**WHAT YOU WILL DO:** Would you please repeat exactly the entries below, starting at the line with "14K White Gold" and ending at the line with "Staffa 1982 Horses", and nothing outside that range? Leave out the pictures.

**DATA FOR THIS TASK:**
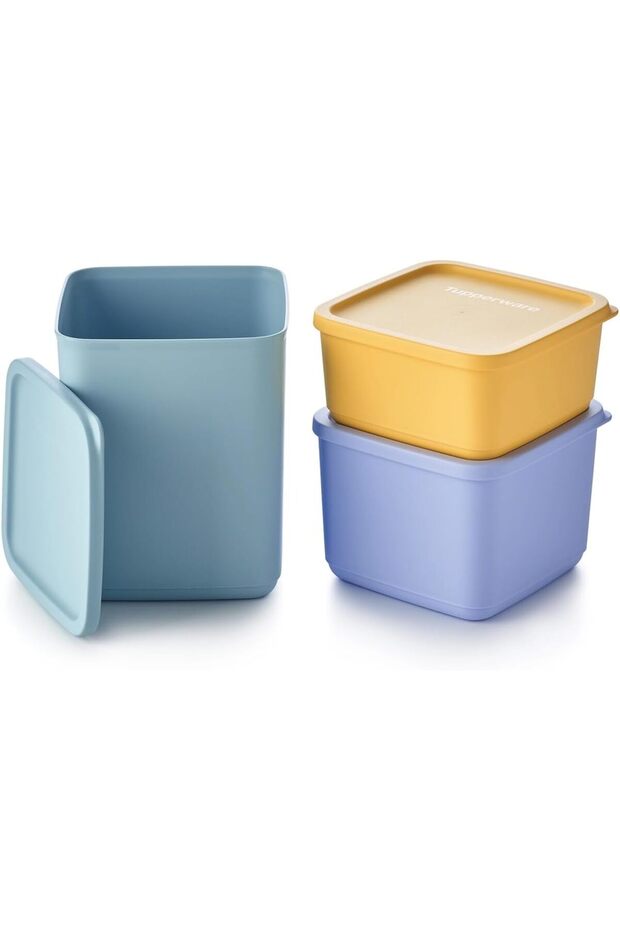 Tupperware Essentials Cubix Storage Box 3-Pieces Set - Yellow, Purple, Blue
---
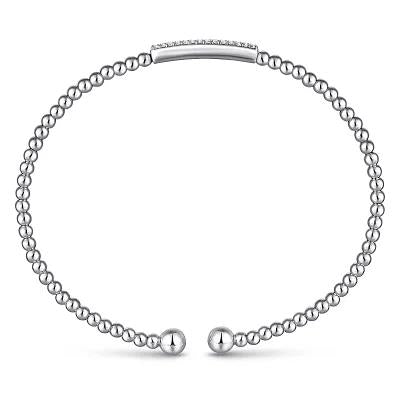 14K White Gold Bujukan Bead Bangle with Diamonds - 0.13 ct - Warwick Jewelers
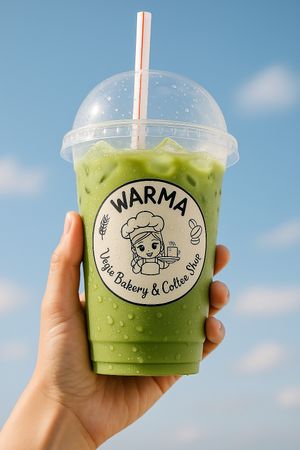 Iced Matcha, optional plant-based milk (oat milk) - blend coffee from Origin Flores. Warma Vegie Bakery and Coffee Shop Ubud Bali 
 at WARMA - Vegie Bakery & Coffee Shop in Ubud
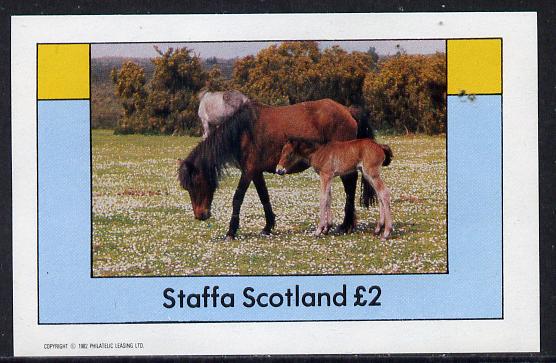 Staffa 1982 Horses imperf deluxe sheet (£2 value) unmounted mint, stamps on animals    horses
==
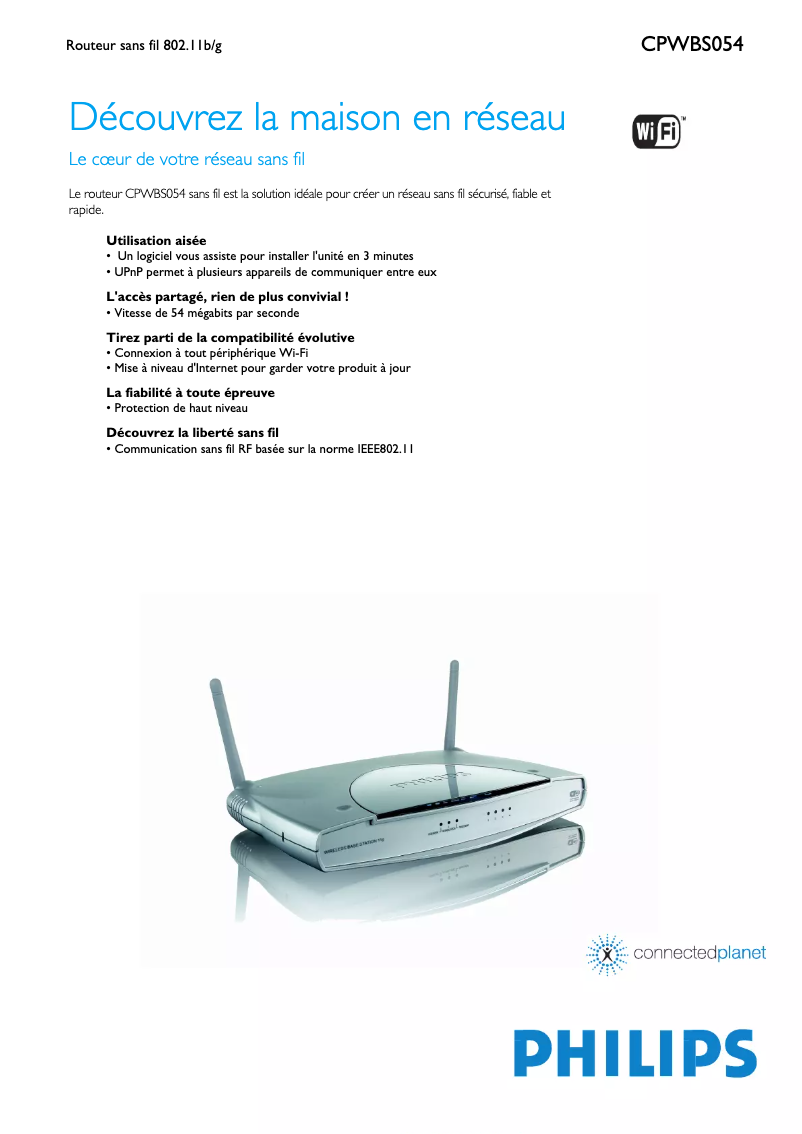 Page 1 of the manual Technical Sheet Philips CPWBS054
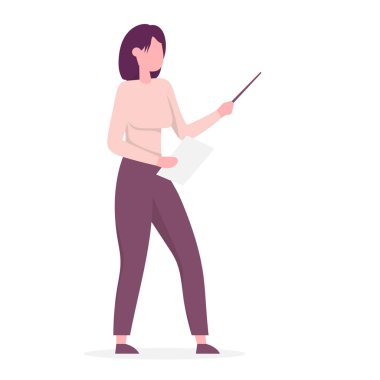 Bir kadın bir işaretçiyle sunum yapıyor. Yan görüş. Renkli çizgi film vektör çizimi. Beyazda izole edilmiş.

**OUTPUT BELOW:**
 14K White Gold Bujukan Bead Bangle with Diamonds - 0.13 ct - Warwick Jewelers
 Iced Matcha, optional plant-based milk (oat milk) - blend coffee from Origin Flores. Warma Vegie Bakery and Coffee Shop Ubud Bali 
 at WARMA - Vegie Bakery & Coffee Shop in Ubud
 Staffa 1982 Horses imperf deluxe sheet (£2 value) unmounted mint, stamps on animals    horses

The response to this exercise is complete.